R. A mídia tem uma influência na opinião pública. Você pode dizer que hoje em dia, talvez, é menos importante do que foi no passado, que há outras fontes de informação, redes sociais, etc., mas obviamente tem um peso. As pessoas às vezes fazem perguntas estapafúrdias de quem nunca entendeu nada porque só leu a mídia brasileira. Não estou falando uma coisa da minha cabeça. Conversando com embaixador estrangeiro aqui, depois até de sair da Defesa, ele fez um comentário: ‘Nunca estive num país em que a mídia fosse tão unanimemente contra o governo quanto é no Brasil.’ Vou até complementar isso, embora, você sabe, eu tenha trabalhado com Lula, Dilma, seja ligado ao PT: Eu acho que é pior com o PT, mas mesmo sem o PT era assim. Eu dizia isso e meus amigos do PT não gostavam muito, não, mas é a verdade.

Cito um exemplo: uma vez eu estava na OMC, quando aconteceu aquele episódio da Vaca Louca no Canadá logo depois da questão da Bombardier e a Embraer. Claro que eles negaram até à morte que houvesse ligação entre as duas coisas, mas, para mim, tinha, e eles não tinham fundamento na questão da Vaca Louca.

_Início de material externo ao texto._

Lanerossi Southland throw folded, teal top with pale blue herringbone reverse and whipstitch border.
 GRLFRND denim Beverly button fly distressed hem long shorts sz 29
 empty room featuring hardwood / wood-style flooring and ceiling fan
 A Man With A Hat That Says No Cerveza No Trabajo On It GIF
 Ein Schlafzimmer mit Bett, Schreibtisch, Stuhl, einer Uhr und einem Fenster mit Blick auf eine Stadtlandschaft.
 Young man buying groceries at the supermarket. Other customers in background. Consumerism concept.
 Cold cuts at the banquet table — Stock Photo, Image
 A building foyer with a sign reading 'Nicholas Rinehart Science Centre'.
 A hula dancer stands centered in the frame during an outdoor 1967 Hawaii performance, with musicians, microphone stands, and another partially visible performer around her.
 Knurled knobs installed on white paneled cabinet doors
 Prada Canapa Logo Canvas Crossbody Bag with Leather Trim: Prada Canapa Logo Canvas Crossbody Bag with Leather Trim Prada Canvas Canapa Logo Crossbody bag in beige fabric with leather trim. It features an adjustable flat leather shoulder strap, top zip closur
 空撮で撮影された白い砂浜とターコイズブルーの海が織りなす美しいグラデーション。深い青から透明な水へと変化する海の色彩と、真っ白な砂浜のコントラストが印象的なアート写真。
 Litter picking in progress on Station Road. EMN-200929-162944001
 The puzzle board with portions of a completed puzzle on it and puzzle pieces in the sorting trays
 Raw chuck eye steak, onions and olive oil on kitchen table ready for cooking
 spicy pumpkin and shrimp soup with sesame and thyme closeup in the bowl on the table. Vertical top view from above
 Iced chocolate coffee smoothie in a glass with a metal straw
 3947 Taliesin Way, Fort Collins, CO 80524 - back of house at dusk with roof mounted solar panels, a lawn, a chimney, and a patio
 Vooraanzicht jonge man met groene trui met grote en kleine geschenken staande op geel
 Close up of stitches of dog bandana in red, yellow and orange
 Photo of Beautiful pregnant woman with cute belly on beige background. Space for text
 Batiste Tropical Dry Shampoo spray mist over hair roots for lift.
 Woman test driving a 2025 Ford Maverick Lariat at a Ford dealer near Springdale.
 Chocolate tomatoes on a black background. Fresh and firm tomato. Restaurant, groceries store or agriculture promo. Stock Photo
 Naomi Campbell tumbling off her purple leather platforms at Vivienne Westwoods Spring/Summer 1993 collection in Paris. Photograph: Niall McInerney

Eu convoquei uma reunião de um dos comitês fitossanitários que tem lá na OMC e era uma coisa fora do comum que um embaixador fosse a esse tipo de reunião mais técnica. Cinco ou seis países apoiaram o Brasil e o Canadá, exclusivamente, criticou o Brasil. Manchete no outro dia num dos grandes jornais: ‘Brasil é criticado na OMC’. Isso era na época do Fernando Henrique. Não posso nem dizer (que era coisa contra o PT). Há uma obsessão pelo autodenegrimento, deve ser uma coisa da psicologia coletiva, que eu acho que se acentuou com um governo popular, que não é de elite, mas não é só com ele, não.

P. Mas o sr. não acha que é melhor isso que uma coisa à americana, de imprensa patriótica, o que pode acabar em desvios?

R. Não acho que deve ser fechada. Acho que deve ser objetiva. Dou esse exemplo porque ele é emblemático. Nunca fizemos o que a mídia queria, mas temos de lidar com a opinião pública. Tudo foi pintado de uma maneira totalmente diferente do que era, que o Brasil queria ser amiguinho do Irã, voluntarismo, Chávez. Uma misturada na cabeça.